Apiwat Ratanawaraha (Professor, Department of Urban and Regional Planning and the Urban Design and Development Center, Chulalongkorn University)
Discussant/chair: Michael Herzfeld (Ernest E. Monrad Professor of the Social Sciences, Department of Anthropology, Harvard University)

*Please note early start time*

Standards are codified knowledge that serves as the foundation of human society. They exist in every product that we use, in every process that we follow, in every aspect of our life. Likewise, urban standards are everywhere in the city. There are building and housing codes, subdivision and plot specifications, open-space requirements, road dimensions, so on and so forth. These standards shape the façade, forms, fabrics, and flows of cities. Urban standards are a cornerstone of the efforts to plan and build our cities, and thus they define the ideals, identities, and meanings of urban lives.

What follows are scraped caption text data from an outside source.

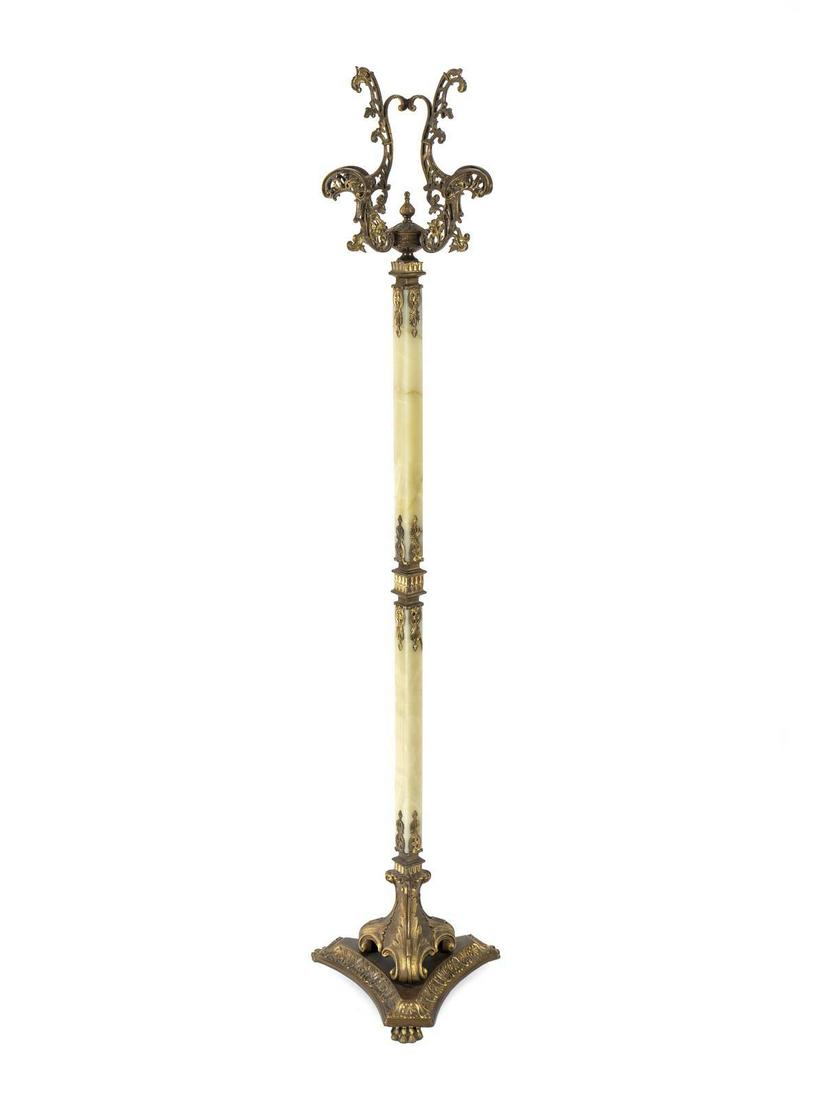 A French Gilt-Metal and Onyx Coat Rack Height 67 (1 of 1)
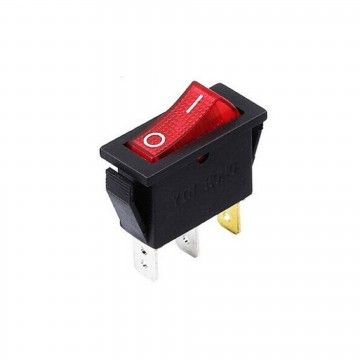 INTERRUPTOR TECLA RETANGULAR VERMELHO 2POS. 3LIG.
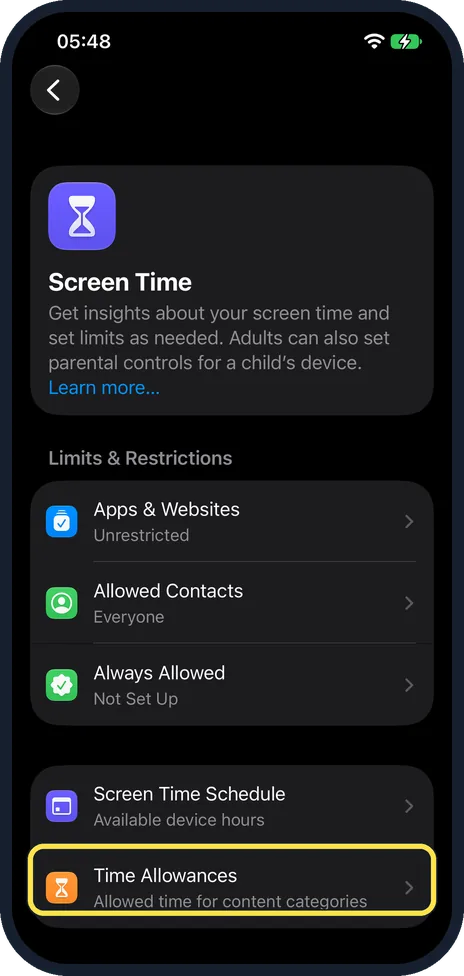 iPhone screen: Tap Time Allowances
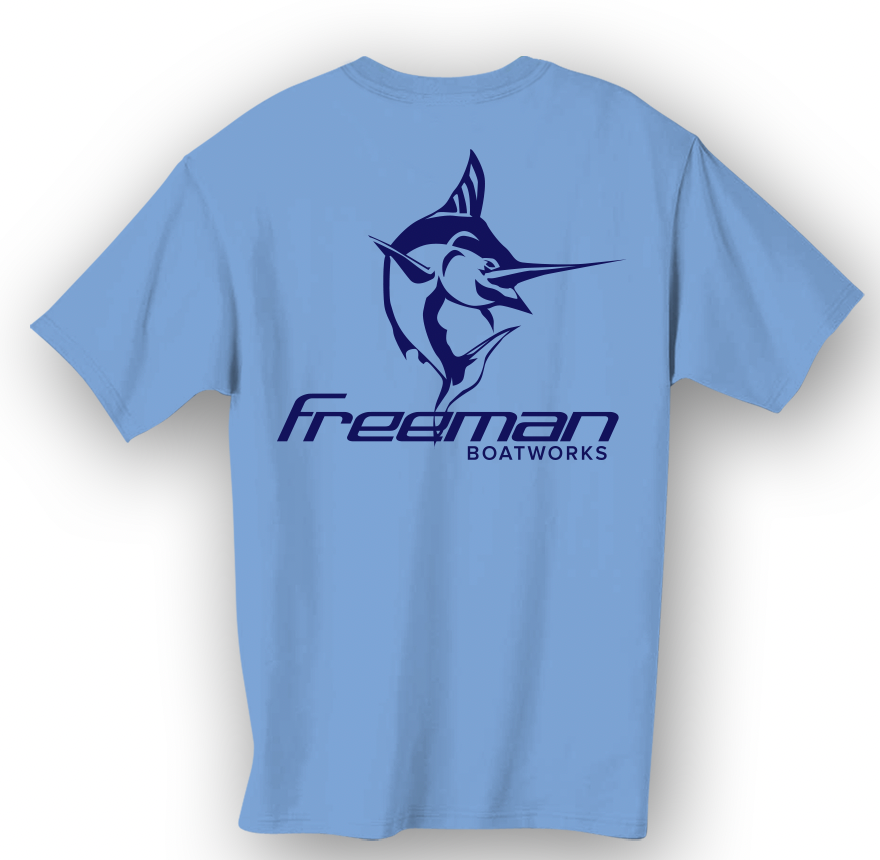 Freeman Boatworks Short Sleeve Saltwater Blue shirt with Navy Blue logo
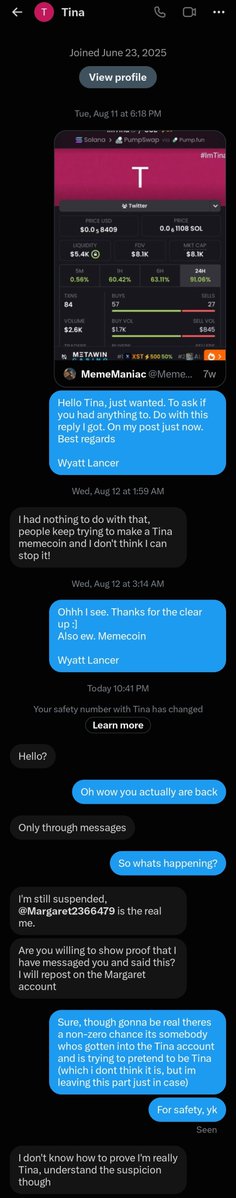 WyattLan86723's tweet photo. Can confirm. This is the actual Tina account. that messaged me, talked before about. A scam message I got.

Stay careful @Margaret2366479

Wyatt Lancer https://t.co/5j62EUgAyu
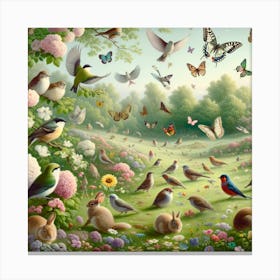 Birds And Butterlies Canvas Print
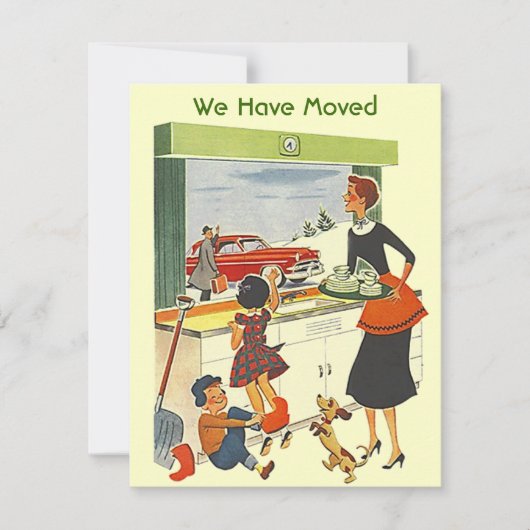 Retro Occupé Maison Nous avons Déplacé Faire-part (Devant)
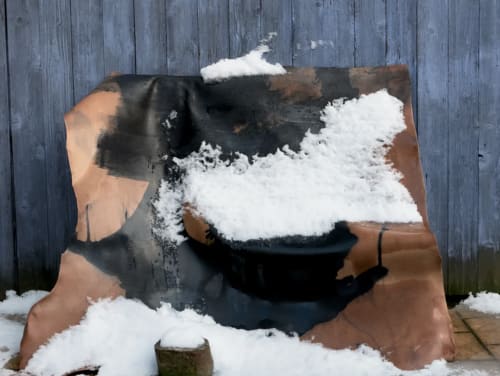 Rindon Johnston: A Wolf or a Hand (destroyed), 2018, hide, indigo, and snow, approx. 42 by 38 inches.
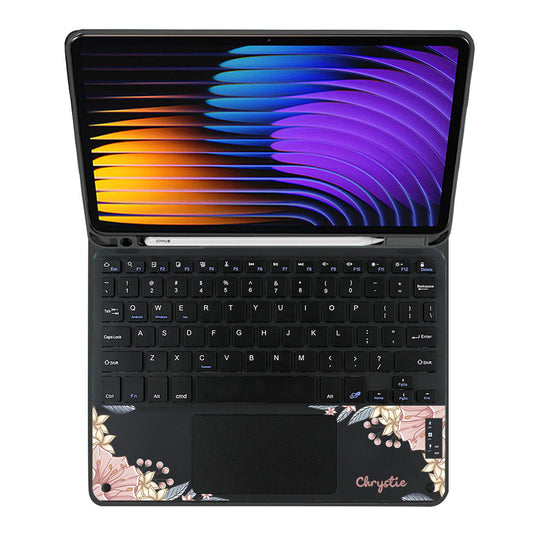 iPad / Android Tab Wireless Keyboard Flipcover - Pink Florals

As part of the efforts to plan and develop “modern” cities in Thailand, the rulers and governments in the past century have imported various approaches and methods of urban development and planning from Europe, the United States, and Japan. With these planning ideas came standards and codes that were expected to help shape the cities according the ideal pictures. But the standards established by the authorities are often resisted, ignored and avoided by many urban citizens, particularly the “informal” people such as slum dwellers and street vendors. An exploration into urban standards will reveal not only how Thai cities evolve and how they are related to the global world of urban standards, but also how Thai society is structured and how much or little it is changing in the context of globalization and democratization of ideas.
In this talk, Apiwat Ratanawaraha will discuss his preliminary work on the history of urban planning approaches and standards in Thailand, how much or little urban standards have shaped Thai cities, how the standards are contested and negotiated among various actors, and the implications of the process and outcome of standards setting for urban justice.